Twelve young women training for the national championships gracefully dodge, weave, dive and leap to the thrum of hip-hop blaring from a boombox as a Menlo College women’s wrestling coach directs them through a warm-up routine.

With an almost choreographed grace, they throw each other to the ground, attack and defend in lightning-fast motions. As these women, who make up California’s only all-women collegiate wrestling team, step and fall onto a soft blue mat covering the gym floor, steam fills the windows inside their toasty gym.

The banner of the team’s recent national championship at the Women’s Collegiate Wrestling Association hangs on the wall proudly, but it never seemed to distract the athletes as they trained for their next challenge—the inaugural National Association of Intercollegiate Athletics (NAIA) Women’s Invitational, held last weekend in Jamestown, North Dakota.

Their efforts during long hours of practice paid off.
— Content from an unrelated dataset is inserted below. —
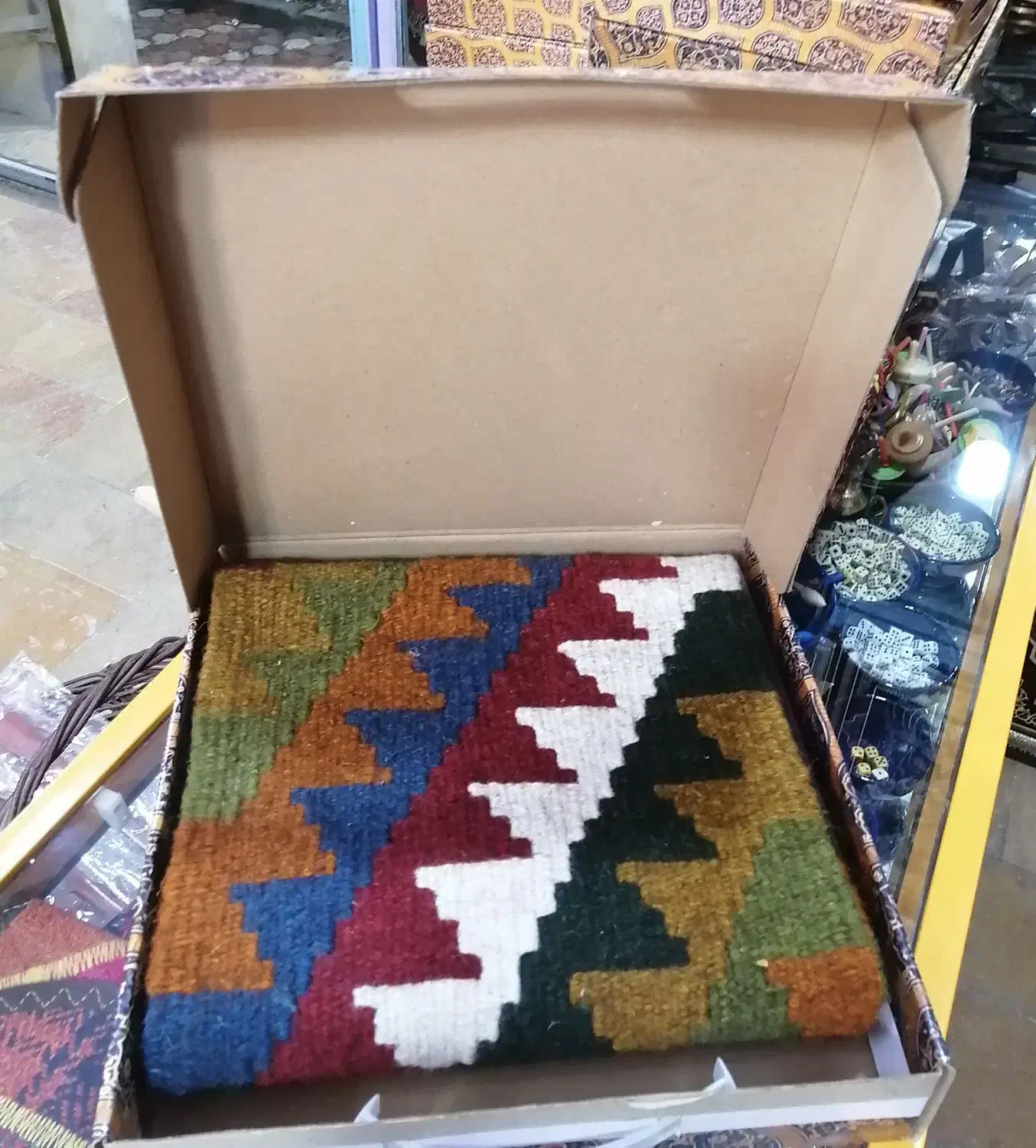 گلیم دستباف|گلیم، جاجیم، گبه|شهرکرد, |دیوار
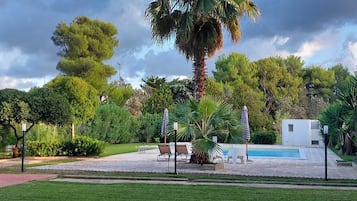 Piscine extérieure (ouverte en saison), parasols de plage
Menlo College won the championship title and all 12 wrestlers who competed came back with All-American titles. Five of them also returned with individual national titles. Among them were two champion freshmen, Gracie Figueroa (wrestling at the 116 weight class) and Alleida Martinez (at 109), who were both recruited from a small town in Fresno County. The two are regarded as breakout stars in a still-growing women’s sport, and are already eyeing the 2020 Olympics. They would also love to compete in the NCAA, if and when the association finally recognizes female competitors in wrestling.

“I believe we should have a chance to wrestle (Division) I.” Freshman Gracie Figueroa pictured after practice at Menlo College on March 12, 2019. (Photo by Magali Gauthier)

Freshmen phenoms

Figueroa, 19, and Martinez, 18, both started wrestling as children with the Selma Wrestling Club in Selma, a small town whose seal bears the proud slogan: “The Raisin Capital of the World.”

Martinez, who began wrestling at age 9, said she was concerned at first that she would be the only girl on the team, but her parents encouraged her to try the sport. “I liked the challenge,” she said. “You had to know what you were doing out there.”

Sometimes, she said, boys would forfeit rather than wrestle a girl, but she always felt supported in the sport by her team and her family.

Figueroa said she began wrestling at age 10 after being dragged along to her brother’s wrestling practices and tournaments. As a kid, she said, she didn’t care if she was the only girl. She had fun wrestling with the guys.

“When they were wrestling [me], they thought it was going to be easy,” she said. When she surprised the boys and beat them, she added, “most of them cry. It was funny.”

Menlo College freshman Alleida Martinez began wrestling at the age of nine: “I liked the challenge. You had to know what you were doing out there.” (Photo by Magali Gauthier)

Martinez and Figueroa were strong competitors when they wrestled with the Selma Wrestling Club. One of their coaches there, Joey Areyano, noted that when they were kids, Martinez and Figueroa were the only two girls on the team.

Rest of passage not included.